I glanced up from the battered book; the moon sat full and gloating in the afternoon sky. A sudden updraft threatened to send me tumbling from my perch, causing me to shut the old dime-store novel tight before its pages were torn away. My legs, honed by years of clambering all over the Heaven's Grace while she thundered through the air, locked down hard and clutched the collection vane as the errant wind buffeted me. The extra weight from my metal-lined work clothes helped to keep me steady on the swaying column. Closing my eyes, I reached out with senses sharpened by years of working the storms, feeling for any hint that the curse of clear skies would be broken soon, any tickle of humidity on my skin or face. But the wind was dry, harsh, and unaccountably hot for April. The hundreds of vanes and lightning rods jutting up from roofs across the city were like the skeletal, cobweb-strewn branches of a dying forest begging for the rains to come and give them life once more.
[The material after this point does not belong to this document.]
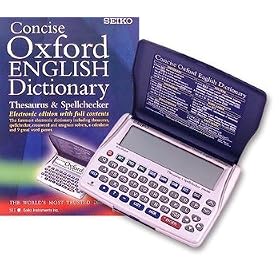 (Seiko) Oxford Dictionary & Thesaurus/Spellcheck (ER6100)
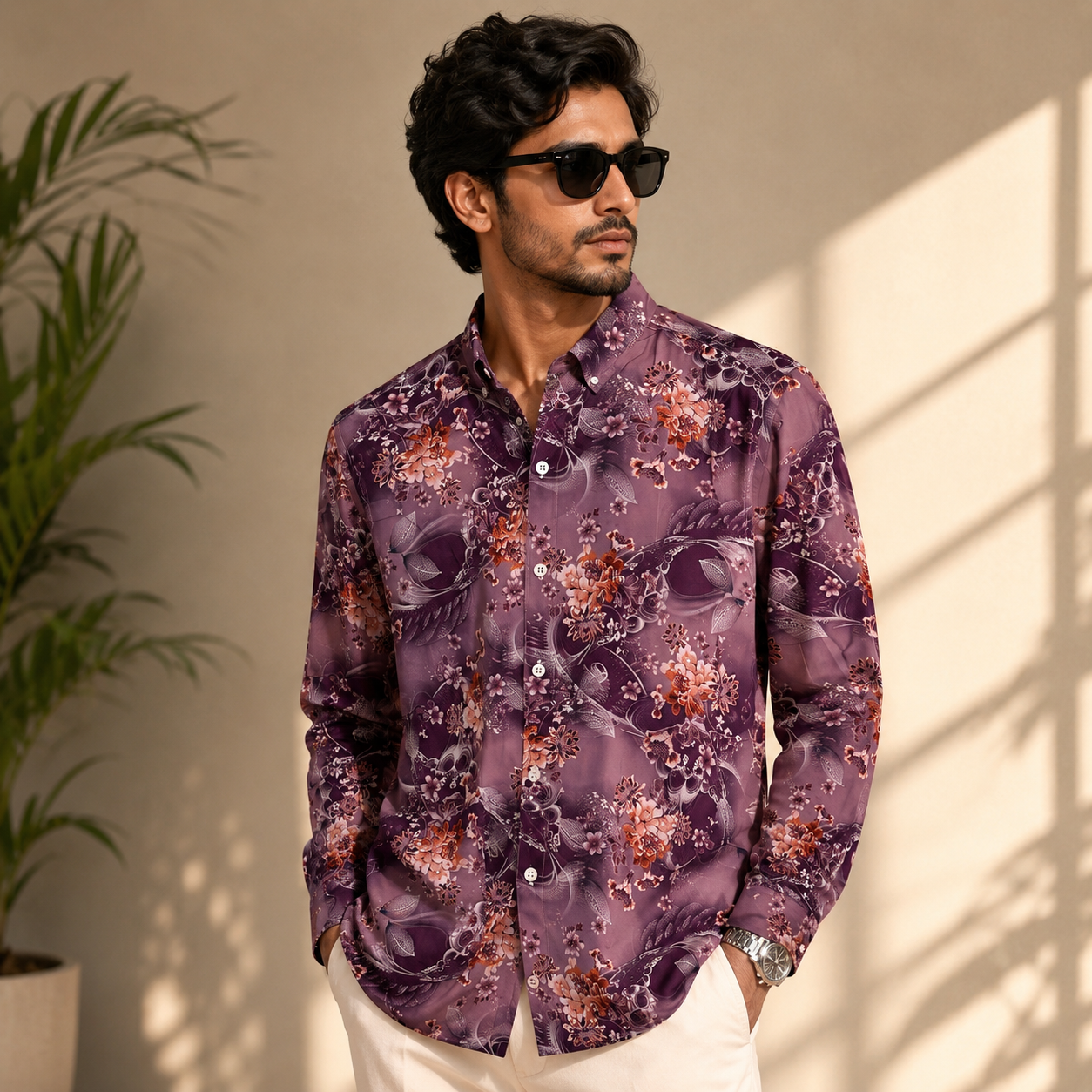 VISCOSE SHIRT[purple]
As the parched wind died down, I heard my name called out. "Eli! What are you doing up there?"

I craned my neck and looked back over my shoulder. Twenty feet below, Henry, the other brakeman that shared my berth on the Heaven's Grace, inched his way up the back of the towering vane's main column toward me. I'd been so intent on reading about the beasts that I hadn't heard him climbing up. Whereas I'd barely even bothered to secure myself when I ascended, Henry was using every nook and cranny that he could to anchor his tether. Despite the fact that our jobs called for us to cling to the side of a steel behemoth barreling through the air a mile up, my friend had an incredible fear of heights.

"Oh, just enjoying the sunlight and a good book."

Truthfully, up here was also a good place to die if you weren't careful. Although there were belaying loops spaced along the length of the three hundred-foot shaft, it wasn't exactly sane to climb the huge vanes. We were actually safer working on the windswept sides of our Thunder Train, what with her complicated safety system of cables and pulleys.

On the moisture vanes, you had to free climb between the various anchoring points. The flimsy, almost invisible sails of leaching silk stretched between the crossbeams would never save a man falling through them; it'd be like trying to catch a horse with a spider's web. Not that the vanes themselves were much better. While the steel shafts of the city's air wells were fairly thick, they were hollow to allow the condensed water to flow down into the reservoir within Wardenclyffe. Each footstep set the vanes to wavering, and it was a deadly game just predicting when the wind would pick up and add to the fun.

"I wouldn't use that one," I said as Henry's foot fumbled for a rust-covered protrusion.

Wardenclyffe was the first of the salvation cities, designed and built by Tesla before he went missing during the Blood Panic. The fifteen years since it had lifted off the ground hadn't been kind to it. Rust had an unholy love for the city's superstructure, spreading faster than fire through dry grass and outpacing the constant efforts to repair the damage. It was a wonder the old girl was still aloft at all. None of the cities had been meant to stay up this long, but that didn't matter much to the residents when allowing it to crash meant more than just bracing for impact. The same critters that had sent us high-tailing it for the clouds still stalked the Earth below, and none of us were too anxious to meet them nose to muzzle.